De brief van Jakobus
Inhoud van de brief van Jakobus
Dit boek heet: De brief van Jakobus. Het begint wel met een groet, maar verder lijkt het boek meer op een betoog. Aan het eind staat ook geen afscheidsgroet. Het lijkt een beetje op de brief aan de Hebreeën. Het boek gaat vooral over ethiek: hoe je moet leven, wat goed en wat slecht is. In hoofdstuk 1:1 lees je dat het boek bestemd is voor de 'twaalf stammen in de diaspora'. Daarmee worden meestal de twaalf stammen van Israël bedoeld, die verspreid over de wereld wonen. Maar dat is hier niet zo. Het is een manier om de hele christelijke kerk aan te spreken.
Hoofdthema: hoe ben je een christen?
Het belangrijkste thema van het boek is: het christelijk leven is niet alleen woorden, maar ook daden. Voor de schrijver is het heel duidelijk dat je geen christen kunt zijn als je niet goed met je medemens omgaat. De regels die je in dit boekje leest, lijken erg op regels in andere Joodse en christelijke boeken uit dezelfde tijd. Ook zie je allerlei onderwerpen terug die ook de interesse van Griekse en Romeinse filosofen van die tijd hadden. Dat is ook niet zo gek, want net als tegenwoordig hielden christenen en niet-christenen zich vaak met dezelfde maatschappelijke onderwerpen bezig. De schrijver zegt wel dat christenen niet alleen moeten praten over een goed leven, maar het ook echt moeten dóen. Hij weet dat christen-zijn heel ingrijpend is voor je leven. Maar dat hoort erbij.
Indeling van Jakobus
- Deel een (hoofdstuk 1:2-18) gaat het over verleidingen die christenen soms tegenkomen. Daar moet je niet aan toegeven!
- In deel twee (hoofdstuk 1:19-3:18) staat een groot gedeelte waarin allerlei regels gegeven worden voor het christelijk leven.
- In deel drie (hoofdstuk 4:1-5:6) wordt kritiek gegeven op christenen die zich niet houden de leefregels.

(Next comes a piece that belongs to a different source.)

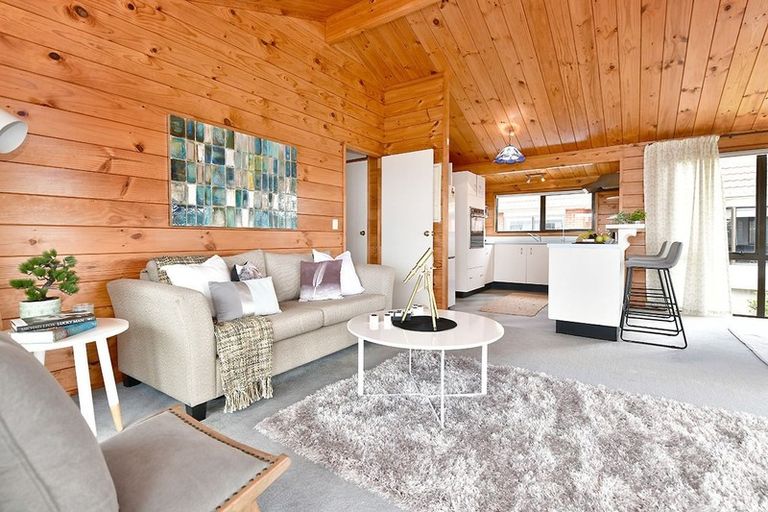 Photo of property in 6 Te Kapa Place, Snells Beach, 0920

- Deel vier (hoofdstuk 5:7-20) is het slot van het boek en bestaat uit een aantal bemoedigingen en adviezen.
Ontstaan
Sommige uitleggers gaan ervan uit dat de brief geschreven is door een broer van Jezus. In dat geval is het boek in de jaren vijftig van de eerste eeuw ontstaan. Anderen denken dat het boek door iemand anders geschreven is, aan het eind van de eerste eeuw.
Schrijver
In hoodstuk 1:1 noemt de schrijver zichzelf 'Jakobus, dienaar van God en van de Heer Jezus Christus'. Waarschijnlijk wordt met 'Jakobus' een broer van Jezus bedoeld. Sommige uitleggers gaan ervan uit dat de brief inderdaad geschreven is door deze broer van Jezus. Anderen betogen dat het door iemand anders geschreven is. In dat geval gebruikt de schrijver de naam Jakobus niet om zijn lezers te bedriegen, maar juist om zijn boek extra aan te prijzen. De schrijver beschouwt zichzelf in elk geval als een leraar van de christelijke gemeente (hoofdstuk 3:1).